A galvanometer can be converted into a voltmeter by connecting a high resistance in series connection within it. The scale is calibrated in volt. The value of the resistance connected in series decides the range of the voltmeter. The resistance is calculated by this equation which is connected in series.

4. A 10A DC Ammeter has a resistance of 0.1 Ω is to be extended to 50 A, the required shunt wire is

1. Manganin wire of 20 m Ω
2. Constantan wire of 20 m Ω
3. Manganin wire of 25 m Ω
4. Constantan wire of 25 m Ω

Answer.3. Manganin wire of 25 m Ω

Explanation:

A shunt is a low-value resistance having minimum temperature co-efficient and is made up of manganin.
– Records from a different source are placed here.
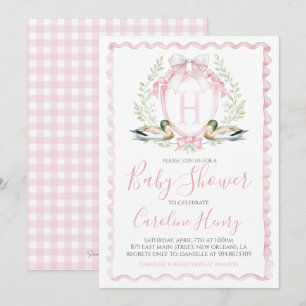 Convites Chá de fraldas Rosa Rosa Gingham Rosa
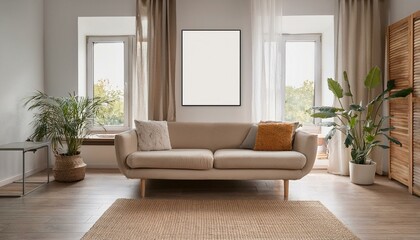 Stylish home living room interior with sofa and window. Mockup frame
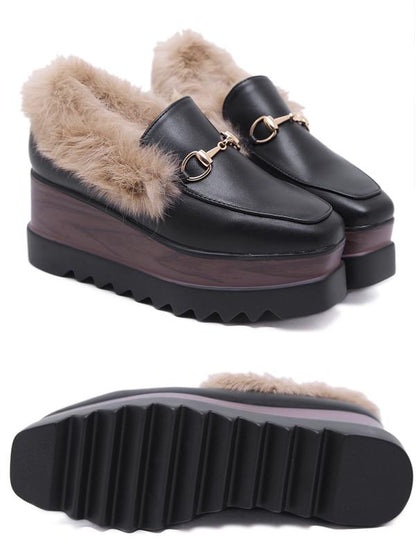 Artificial Fur High-Heeled Platform Korean Rabbit Shoes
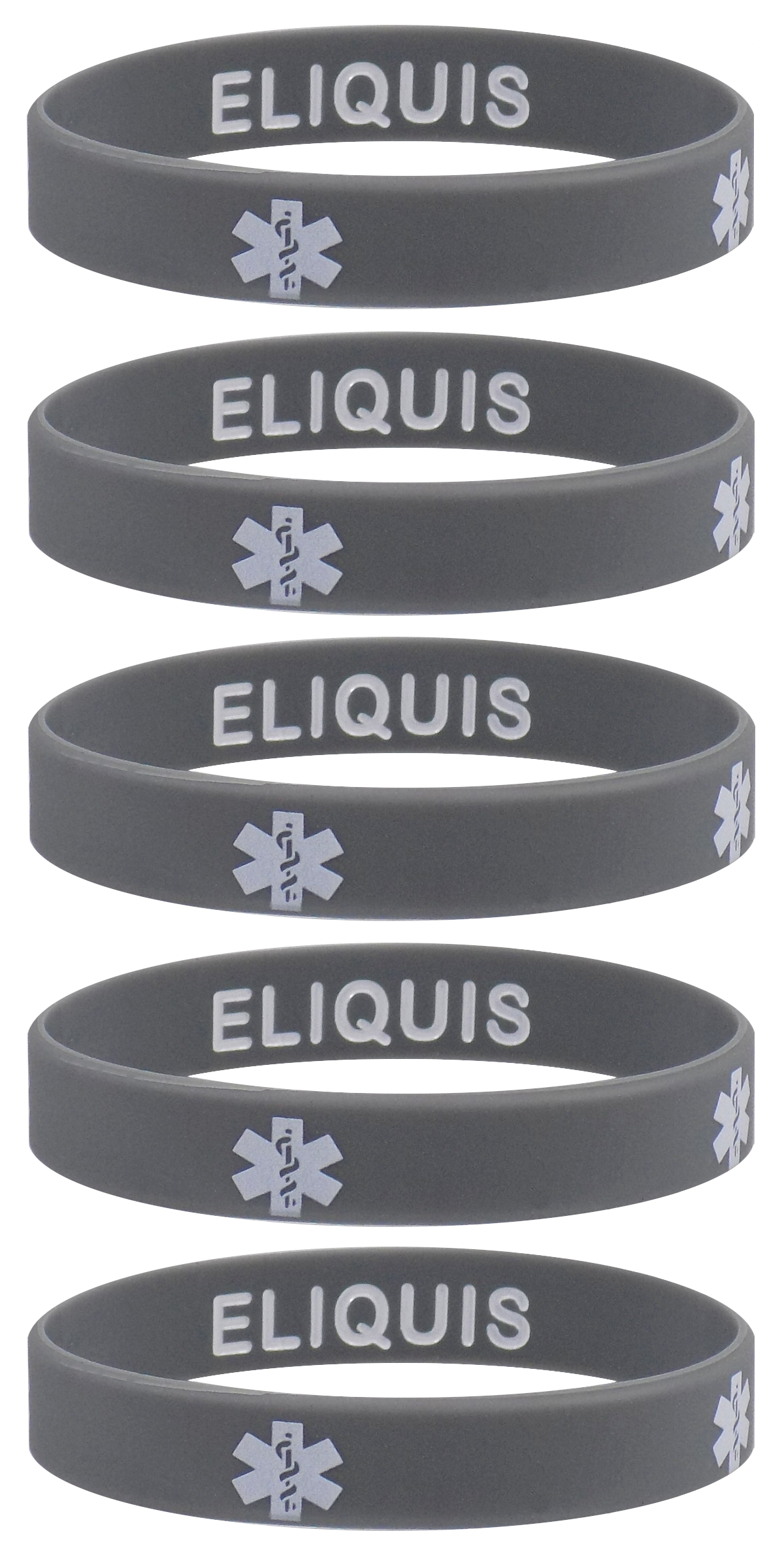ELIQUIS Medical Alert ID Privacy Enhanced Silicone Bracelets Wristbands 5 Pack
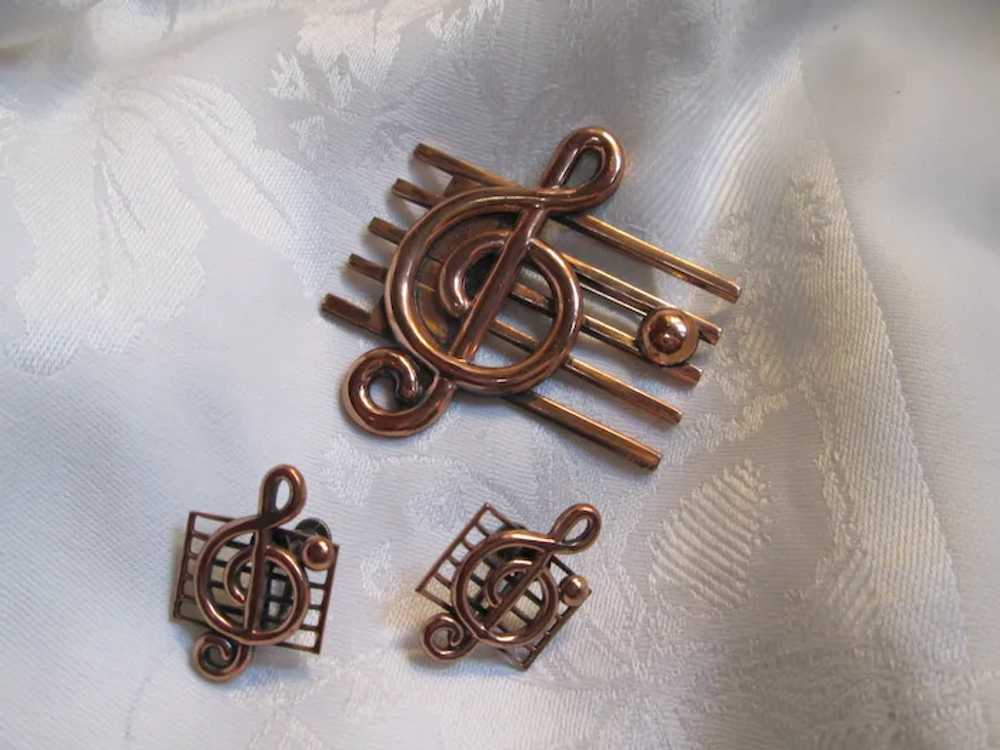 Renoir Mesh Solitary Musical Note Copper Brooch a… - image 2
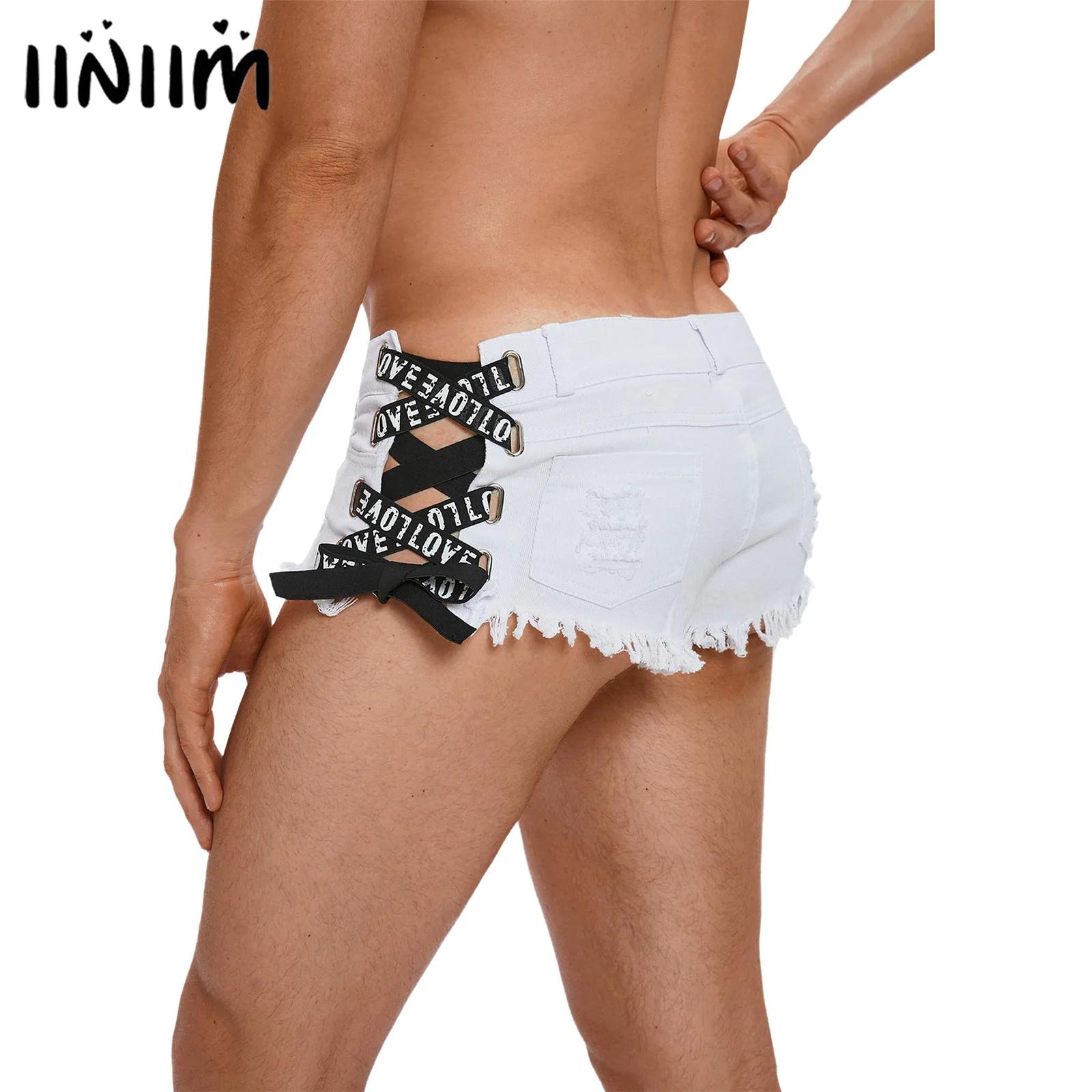 Skinny Jeans Ripped - Mens Letters Ribbons Trimmings Criss-cross at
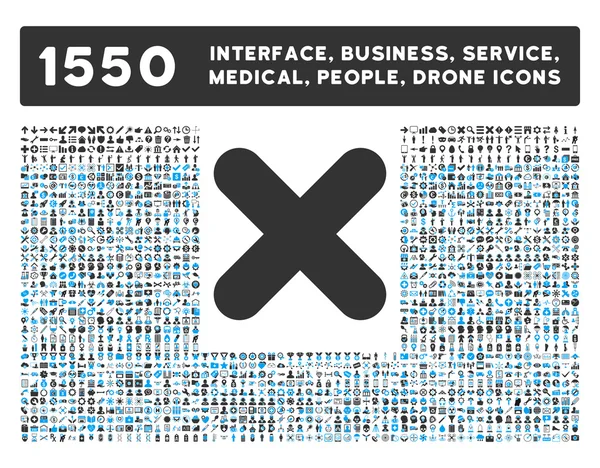 Cancelar Icono y Más Interfaz, Negocio, Herramientas, Personas, Médico, Premios Iconos de Vectores Planos — Vector de stock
Because manganin has a very low value of temperature coefficient.

Given

Rm = 0.1 Ω

M = 50/10 = 5

Rsh = 0.1/(5 − 1) = 0.025Ω

Rsh = 0.025 Ω = 25 m Ω

Therefore the shunt is made up of 25 mΩ and manganin

5. A moving coil galvanometer can be converted into an Ammeter by introducing a resistance of a _________.

1. Large value in parallel
2. Small value in series
3. Small value in parallel
4. Large value in series

Explanation:

A galvanometer is converted into an ammeter by connecting a low resistance in parallel with the galvanometer. This low resistance is called shunt resistance S. The scale is now calibrated in ampere and the range of the ammeter depends on the values of the shunt resistance.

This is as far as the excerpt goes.